Uma vez que a urbanização acontece, seja legal ou ilegalmente, e os terrenos são subdivididos e povoados, é extremamente difícil reorganizar a posteriori seus limites, sobretudo de propriedade, e garantir terrenos para necessidades públicas básicas.
Tal dificuldade acontece devido a dois fatores principais. Em primeiro lugar, qualquer reorganização de terrenos requer o deslocamento dos usuários existentes, o que afeta suas redes sociais, culturais e econômicas — ou seja, o chamado “capital social” — e também afeta o senso de igualdade e de distribuição justa de direitos. Em segundo lugar, o valor do solo urbano aumenta com seu uso intensivo, especialmente quando a oferta é escassa em uma situação de grande demanda.
Nos últimos anos, o valor do solo urbano nos países em desenvolvimento tem aumentado em níveis acima da inflação ou do produto interno bruto. Esse aumento acontece pelo resultado das distorções causadas pela desigualdade entre os melhores e os piores terrenos atendidos com infraestrutura, somado a outras externalidades. Deste modo, parece certo afirmar que áreas urbanizadas no passado sofrerão pressões para a modernização de seu uso e ocupação do solo, e o antigo padrão de terrenos rurais, sistemas viários e divisões de propriedade inadequados serão um grande obstáculo à demanda emergente para o reparcelamento urbano.

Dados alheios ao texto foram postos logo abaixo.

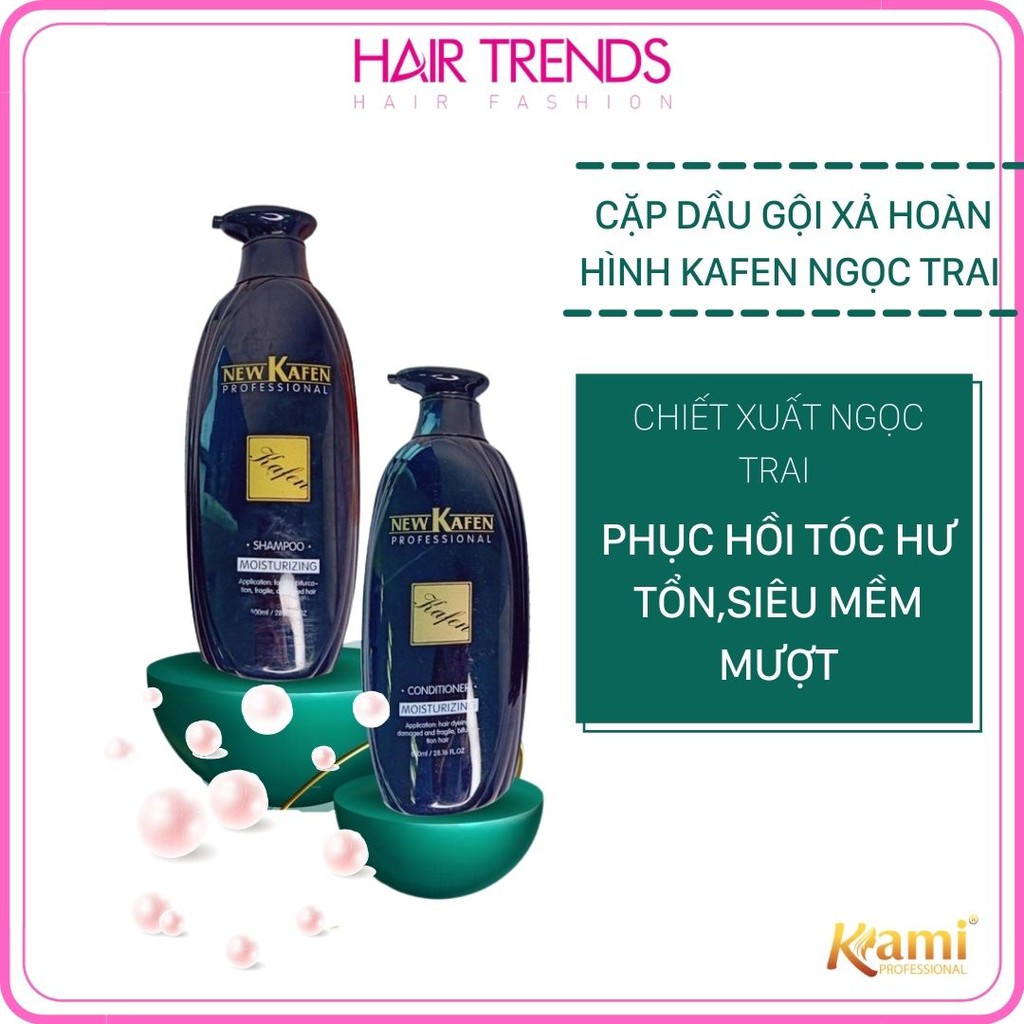 Cặp dầu gội + xả tóc kafen đen siêu mượt - Phiên bản nâng cấp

Dois instrumentos são conhecidos por lidar com a reorganização de terrenos urbanizados. O primeiro deles é a desapropriação. A desapropriação é delegada pelo poder público, que exerce a função de compra obrigatória de bens privados para uso público, ou sua delegação a terceiros para que os destinem ao uso público ou cívico.

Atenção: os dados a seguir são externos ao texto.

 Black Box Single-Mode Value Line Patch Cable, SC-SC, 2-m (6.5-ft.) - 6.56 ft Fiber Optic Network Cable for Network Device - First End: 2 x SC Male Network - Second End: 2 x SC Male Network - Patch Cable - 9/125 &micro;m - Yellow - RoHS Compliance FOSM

No entanto, atos expropriatórios não consideram a “eficiência de Pareto” — que define um estado de alocação de recursos na qual se mensura a melhora da situação de um indivíduo (ou agente econômico) sem piorar a situação de outro indivíduo (ou agente econômico) —, principalmente ao não esclarecer se os governos quando exercem desapropriações estão aumentando o bem-estar social ou simplesmente exercendo influência sobre um processo político orquestrado para transferir recursos de um grupo para outro.

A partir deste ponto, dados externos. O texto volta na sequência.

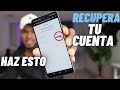 Como recuperar mi cuenta de google Gmail o contraseña - Real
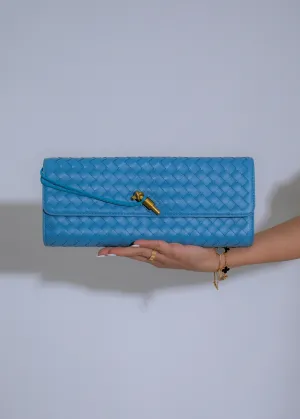 The Woven Grace Clutch Blue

O segundo instrumento é o land readjustment, praticado em muitos países há mais de cem anos — entre eles, Alemanha e Japão — e ainda pouco conhecido no Brasil. Projetos de land readjustment contribuíram nesses países para — em grande medida — consertar falhas do laissez-faire do denominado “mercado” ao reorganizar lotes irregulares; alterar o zoneamento para atendar a demanda de uso; retirar possíveis vantagens injustas de proprietários adjacentes a um novo sistema viário ampliado por meio de desapropriações; melhorar o escoamento da produção; e atualizar a titularidade da terra em casos aonde o registro não condiz com a realidade.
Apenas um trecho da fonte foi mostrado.